Frédérique subsequently disappeared from Zanzibar, and reportedly fled to Marungu on Lake Tanganyika. The French consul arranged to collect the material left by the unfortunate explorer.

=== After the expedition ===
Ordered to judge Mazungera under the French laws, the Naval Division Commander of Bourbon and Madagascar, Joseph Romain-Desfossés, made several requests to the Sultan of Muscat and Oman to capture the criminal. Not having achieved anything, Joseph Romain-Desfossés charged Charles Guillain (who then started to explore the eastern coast of Africa) to remind the Sultan of his commitment to deliver the murderer to the French authorities.

The Sultan sent an army of 300-400 musketeers after Mazungera, but they discovered that he had fled.
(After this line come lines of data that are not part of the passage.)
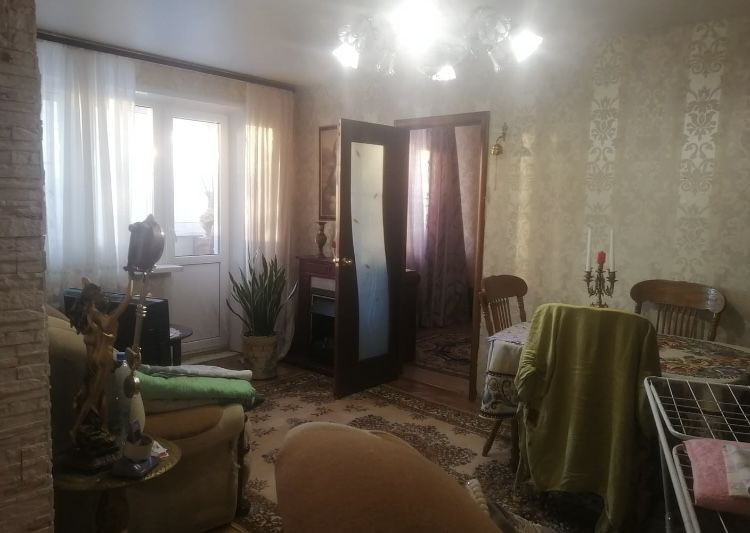 Продажа 2-комнатной квартиры, Иваново, 4-я Меланжевая ул,  8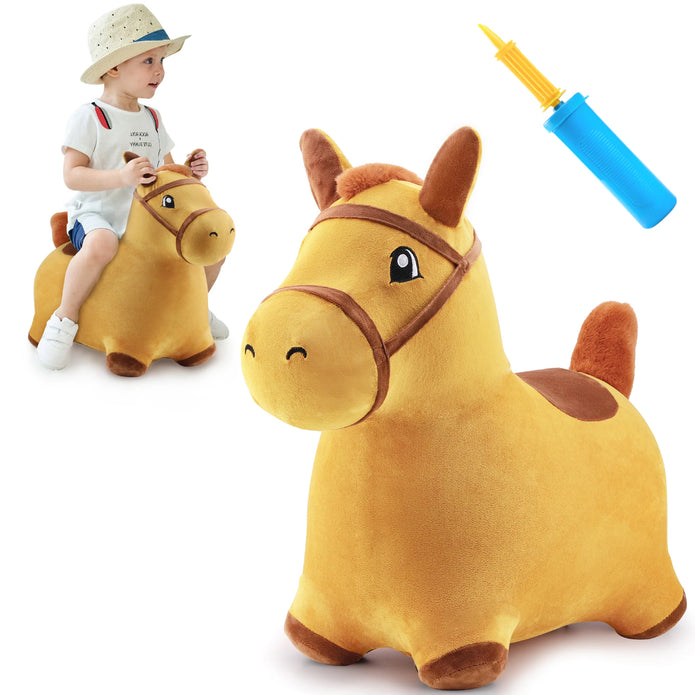 Bouncy Pals - Varieties - Sensory Kingdom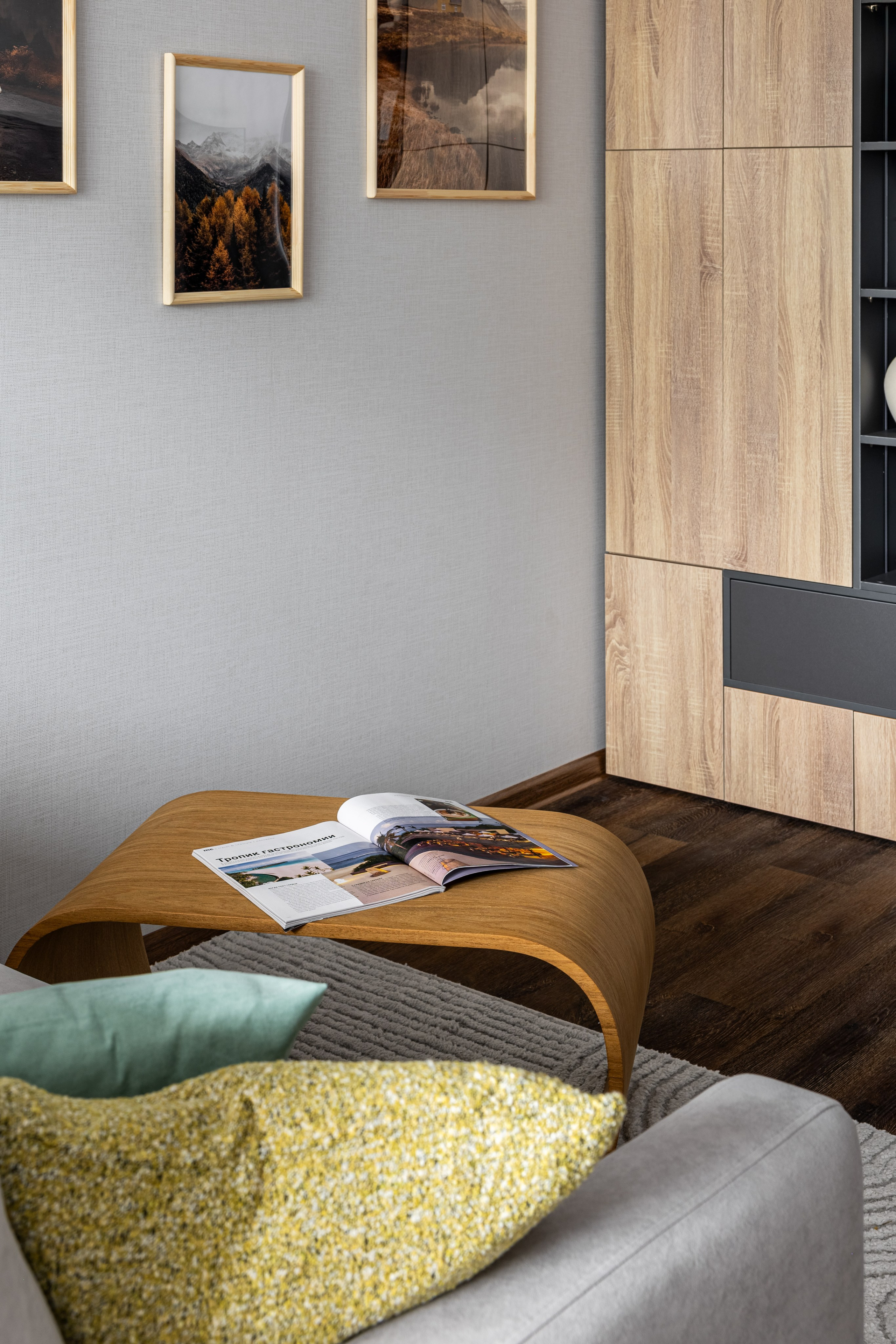 Veselinskiy| Интерьерный фотограф | Москва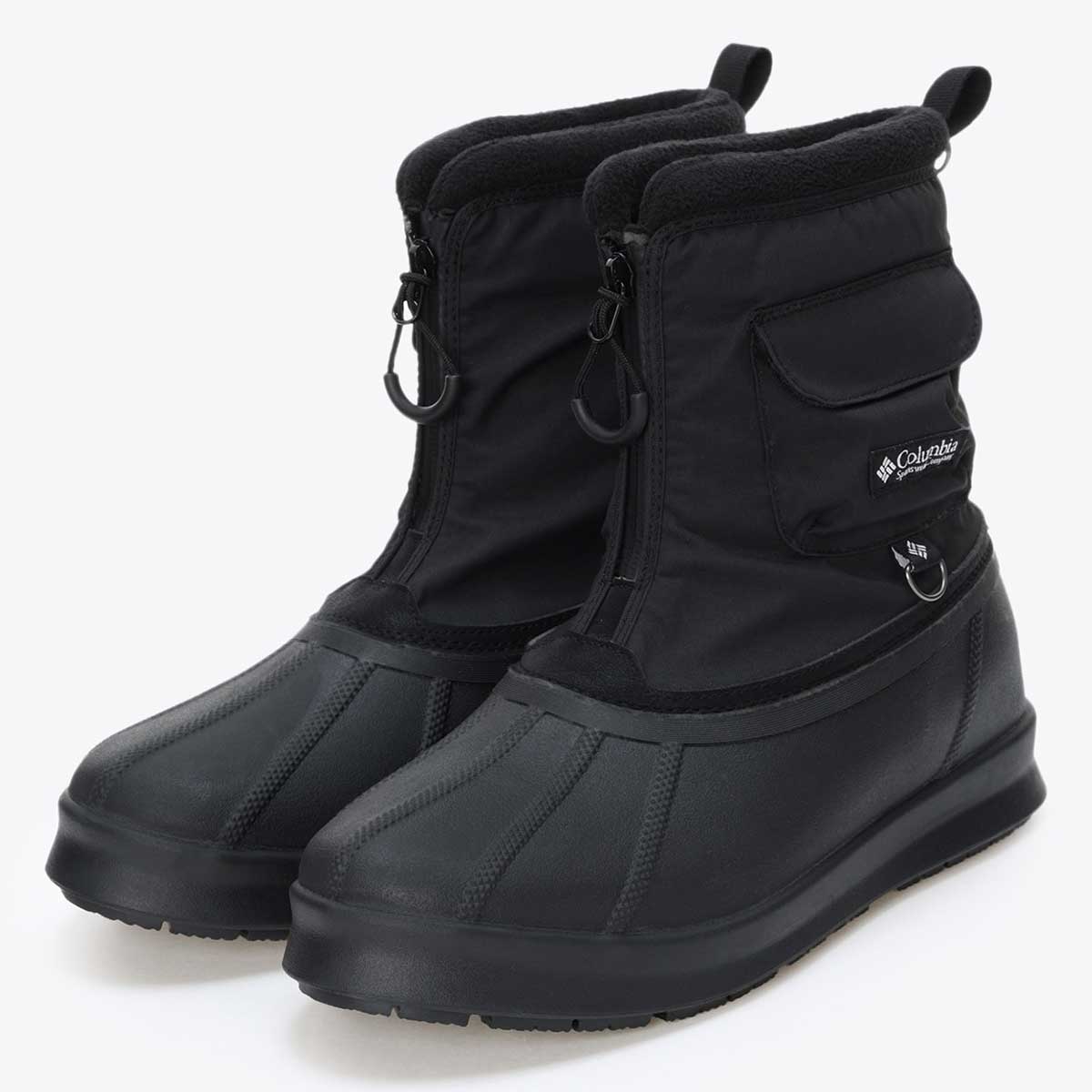 ヘンリーズフォーク ブーツ オムニテック オムニヒートインフィニティ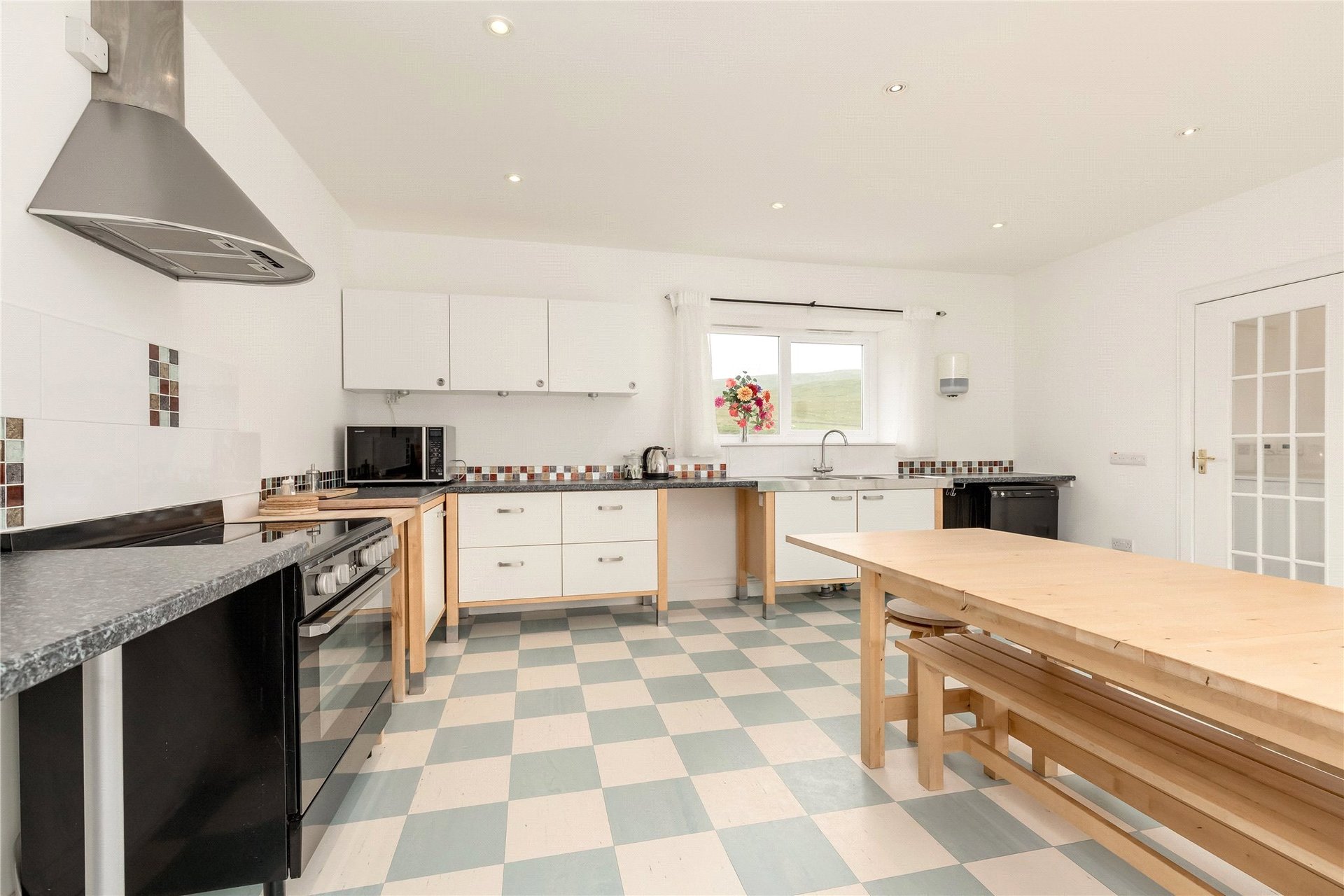 Ettrick View, 2 Newburgh Farm Steading, Selkirk, Scottish Borders, TD7 5HS - Picture #5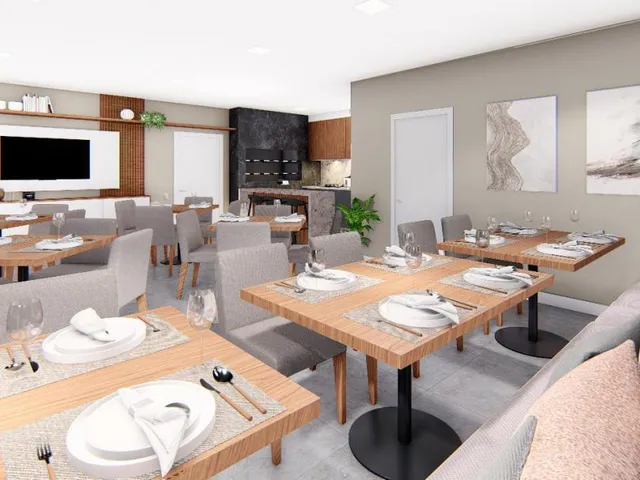 Imagem 6: Residencial Hillside | 02 Dormitórios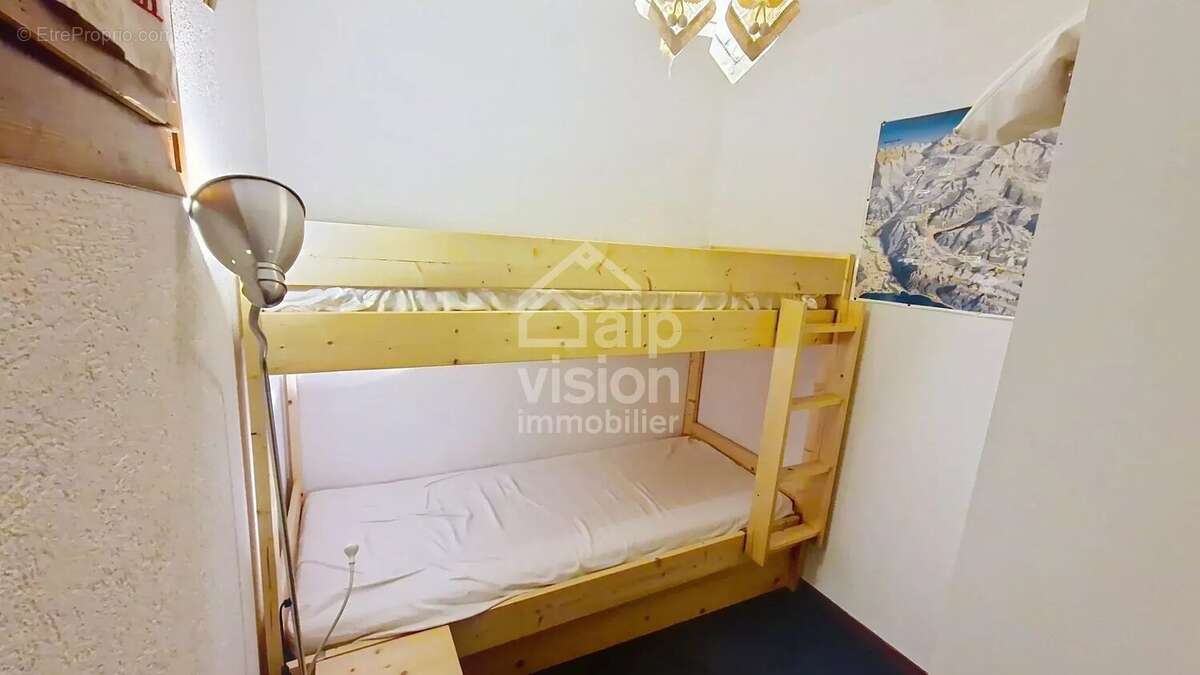 Appartement à CHATEL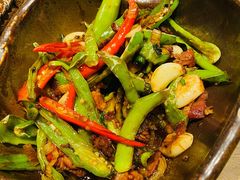 -水煮三国·川鲁江湖菜(香山店)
Hembé led his father's tribe into a few days of skirmishes against the Zanzibaris. The man who had beaten the drum during Maizan's killing was taken into custody and put in chains at Zanzibar, where he eventually died. Hembé later told John Hanning Speke that he had killed Maizan on his father's orders. Because Mazungera held a title conferred by the Sultan, Speke, who was favorably disposed toward Africans, blamed Maizan's death on the urging of Arabs who did not want Europeans interfering with the ivory trade. Speke assumed that Hembé would have been killed if he had disobeyed. Famed explorer Richard Francis Burton would later comment that the Wazaramo had greatly declined in power and importance since Maizan's death, and that "few murders have been more pregnant in their consequences than that of M. Maizan in East Africa."